The first semester I spent in cruise control; the accounting principles came to me quickly, and I did well on my practice sets and exams.
The final project for the semester was given to us months in advance and required us to act as the primary accountant for a fictional manufacturing company. We had to work through a year’s worth of transactions, recording every debit and credit in the correct place, then perform closing transactions, and finally create a year-end balance sheet and income statement.
Given how well I’d done in the course, the final project didn’t faze me; I presumed I could breeze through it. The night before the close of the semester, I sat down at the table to begin my work – and then it hit me. I dramatically underestimated the work involved!
A couple of hours in, it became quite clear to me that I didn’t have anywhere near enough time to finish this by the time I had to turn it in the following morning. Around that time my mom came into the room to check on my progress. She could see that it wasn’t going well.
Using an amazing amount of motherly patience, she gently asked me to walk through what needed to be done. I admitted my hubris in thinking this project was super easy and now I was at risk of being unable to turn it in, thereby receiving a big ZERO.
In addition to a truckload of patience, my mom also had accounting skills.

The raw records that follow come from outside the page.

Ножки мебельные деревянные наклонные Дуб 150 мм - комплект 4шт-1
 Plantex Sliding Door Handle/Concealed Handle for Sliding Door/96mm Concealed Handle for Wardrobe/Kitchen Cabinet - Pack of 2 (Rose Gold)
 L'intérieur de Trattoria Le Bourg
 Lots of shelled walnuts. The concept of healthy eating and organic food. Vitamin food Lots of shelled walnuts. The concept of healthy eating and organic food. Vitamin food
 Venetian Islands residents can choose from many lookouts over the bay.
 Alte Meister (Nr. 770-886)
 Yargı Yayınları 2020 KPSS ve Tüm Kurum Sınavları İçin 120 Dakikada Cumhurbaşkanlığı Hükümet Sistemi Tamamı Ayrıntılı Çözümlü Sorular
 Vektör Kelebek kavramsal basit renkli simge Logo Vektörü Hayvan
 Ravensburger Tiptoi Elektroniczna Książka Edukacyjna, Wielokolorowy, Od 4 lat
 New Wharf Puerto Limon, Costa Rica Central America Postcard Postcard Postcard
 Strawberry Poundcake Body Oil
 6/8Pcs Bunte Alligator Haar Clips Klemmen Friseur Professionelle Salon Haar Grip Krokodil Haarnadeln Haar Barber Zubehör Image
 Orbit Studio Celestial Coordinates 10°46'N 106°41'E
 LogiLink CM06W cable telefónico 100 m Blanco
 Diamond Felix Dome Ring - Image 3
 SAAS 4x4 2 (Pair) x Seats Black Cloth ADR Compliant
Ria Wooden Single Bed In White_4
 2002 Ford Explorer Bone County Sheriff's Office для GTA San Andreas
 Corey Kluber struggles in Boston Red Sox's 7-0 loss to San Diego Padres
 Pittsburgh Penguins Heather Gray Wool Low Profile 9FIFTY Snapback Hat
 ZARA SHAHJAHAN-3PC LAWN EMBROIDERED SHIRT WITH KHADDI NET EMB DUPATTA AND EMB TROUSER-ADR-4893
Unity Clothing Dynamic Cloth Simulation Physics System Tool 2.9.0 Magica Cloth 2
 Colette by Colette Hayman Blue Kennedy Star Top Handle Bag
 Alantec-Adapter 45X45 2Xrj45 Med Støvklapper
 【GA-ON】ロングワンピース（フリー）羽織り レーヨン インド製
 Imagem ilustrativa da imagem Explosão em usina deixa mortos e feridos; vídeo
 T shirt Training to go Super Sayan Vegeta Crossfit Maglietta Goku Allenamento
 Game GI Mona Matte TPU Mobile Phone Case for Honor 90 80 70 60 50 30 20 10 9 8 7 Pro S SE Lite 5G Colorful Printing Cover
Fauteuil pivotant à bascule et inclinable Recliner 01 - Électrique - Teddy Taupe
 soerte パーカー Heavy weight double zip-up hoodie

She walked me through each transaction and step in the accounting process at a pace I’d never be able to achieve on my own.
Our little accounting department of two worked through most of the night together, finishing up with enough time for me to grab a tiny bit of sleep. I turned in the project with a yawn and even earned a good grade.
Never once did my mom admonish me for failing to do the work earlier or complain about helping me, even though it meant she also didn’t get much sleep.
I admired this at the time but can appreciate this act even more now that I’m grown and have children myself. I strive to achieve this every day, but it’s admittedly a work in progress.
I learned to never underestimate a task and to begin early to allow for the inevitable bumps along the way. I also learned more about my mom that night. She was unflappable despite my self-imposed time pressure, and she helped me keep a cool composure. I try to emulate many of her traits in both my personal and professional life, and I often look back on my accounting project and the example she set for me.